Il est d’usage, le jour d’une ordination ou d’une profession religieuse, de remercier les parents et les familles pour le don fait à l’Eglise. Les intéressés jugent qu’ils ne sont pas pour grand-chose dans la détermination de leur fils ou de leur fille. Ils ont plutôt été surpris, voire dépassés. Mais dans une optique de foi, ce merci s’appuie sur deux convictions authentiques : que l’éducation reçue en famille aide à répondre plus facilement et plus joyeusement à l’appel de Dieu ; que la famille n’est pas le tout de la vie chrétienne, puisque certains renoncent précisément à en fonder une pour suivre le Christ dans le célibat. Ce qui est vrai pour les personnes l’est aussi pour la société dans son ensemble : la famille est une « école d’enrichissement humain 1 » qui éduque à servir les liens sociaux, mais elle n’est pas le lieu de tous les apprentissages. Il arrive même que les attachements affectifs et les contextes familiaux gênent l’acquisition de certaines compétences morales et spirituelles. Très tôt dans l’histoire de l’Eglise, l’institution d’un célibat pour le Royaume a d’ailleurs permis aux jeunes de s’émanciper de leur famille et de concrétiser leur désir d’aborder leur avenir avec la même liberté que Jésus de Nazareth. Le célibat consacré a fait office de critique vivante de stratégies familiales ou sociales trop liées à la poursuite du plaisir, du gain et du pouvoir.
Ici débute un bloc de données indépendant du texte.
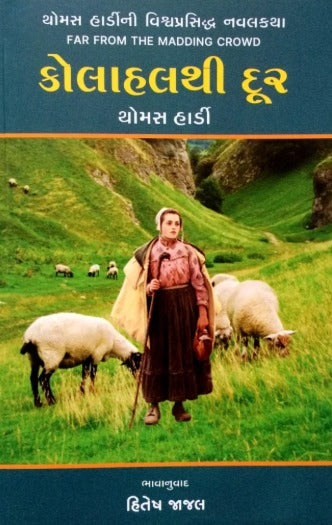Kolahalthi Door (Translation Of Far From The Madding Crowd) - Retail Maharaj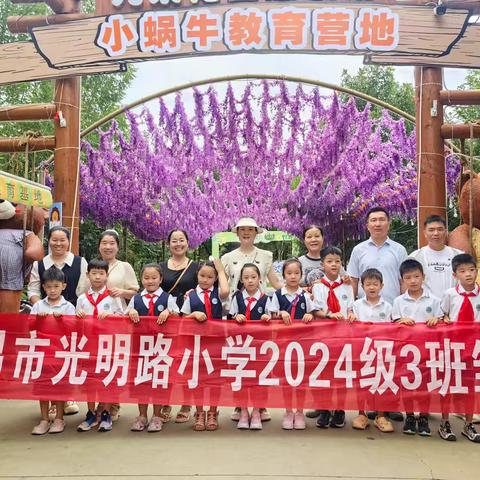 探寻自然之美，传承文化之韵——许昌市光明路小学一(3)班小蜗牛教育营地暑期实践活动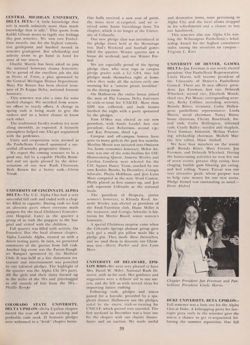 1973-1974_Vol_77 page 150.jpg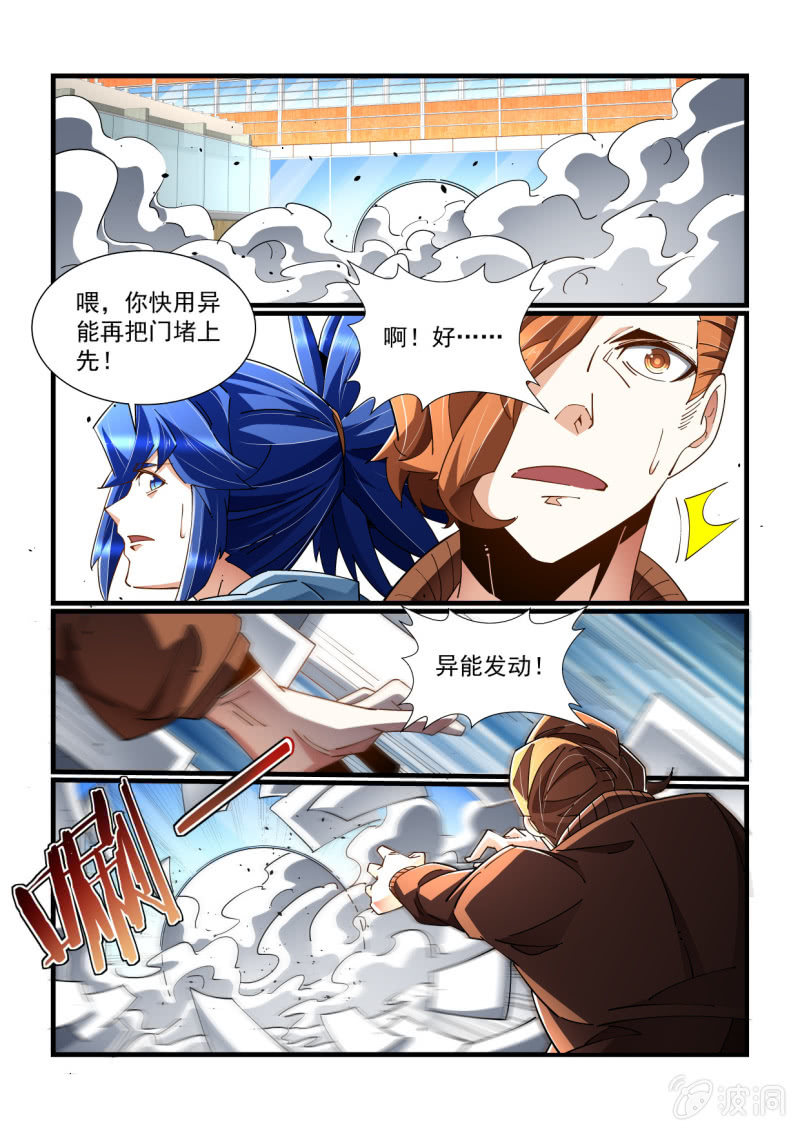 異能直播 - 第319話 - 1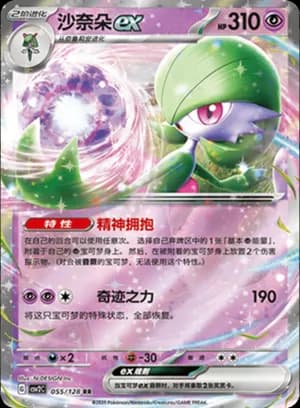 Gardevoir ex — RR 055/128 Holo (Scarlet & Violet Era)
Il faut avoir conscience des ambivalences de la famille pour discerner correctement ce qu’elle est en droit d’apporter au mûrissement d’une vocation spécifique dans l’Eglise. Une famille « bien sous tous rapports » peut malheureusement rendre très difficile le choix des vertus de pauvreté, de chasteté et d’obéissance parce qu’elle véhicule – souvent sans s’en rendre compte – un goût trop prononcé de l’aisance, de la séduction et de l’indépendance. Réciproquement, une famille ayant traversé le drame de la séparation peut, malgré tout, faire grandir chez des jeunes l’aspiration à consacrer leur vie au service de l’Evangile et de l’Eglise. Sans faux-semblant, c’est ce deuxième cas de figure que nous voudrions explorer ici. De fait, de nombreux jeunes gens issus de familles brisées et/ou recomposées entament un parcours vocationnel. Comment accueillir leur démarche ? Comment les aider à identifier les points d’appui familiaux, sans se cacher pour autant les difficultés ? Comment transmettre aux familles chrétiennes atypiques l’espérance que de leur sein aussi peuvent naître de solides vocations ? Pour répondre à ces questions, il faut commencer par poser un regard droit sur la famille dans le contexte trouble d’aujourd’hui.
Autour de nous, les situations familiales sont multiples. Aux yeux des enfants, des jeunes et des adultes, tout devient possible. On apprend tour à tour qu’un couple se sépare un an après leurs noces, qu’une personne mariée depuis des années « refait sa vie » avec quelqu’un d’autre, qu’une jeune femme « a fait un bébé toute seule », qu’un enfant passe un week-end sur deux chez son père désormais en ménage avec un autre homme, que des femmes lesbiennes demandent le baptême pour l’enfant qu’elles ont eu par insémination avec donneur. On est choqué au départ, déçu ou peiné, puis on « se fait une raison ». Du point de vue de la foi chrétienne, plusieurs pièges se présentent devant ce panorama déstabilisant. La lucidité face à ces différents pièges est la condition d’une redécouverte, adaptée à notre temps, du lien entre familles et vocations.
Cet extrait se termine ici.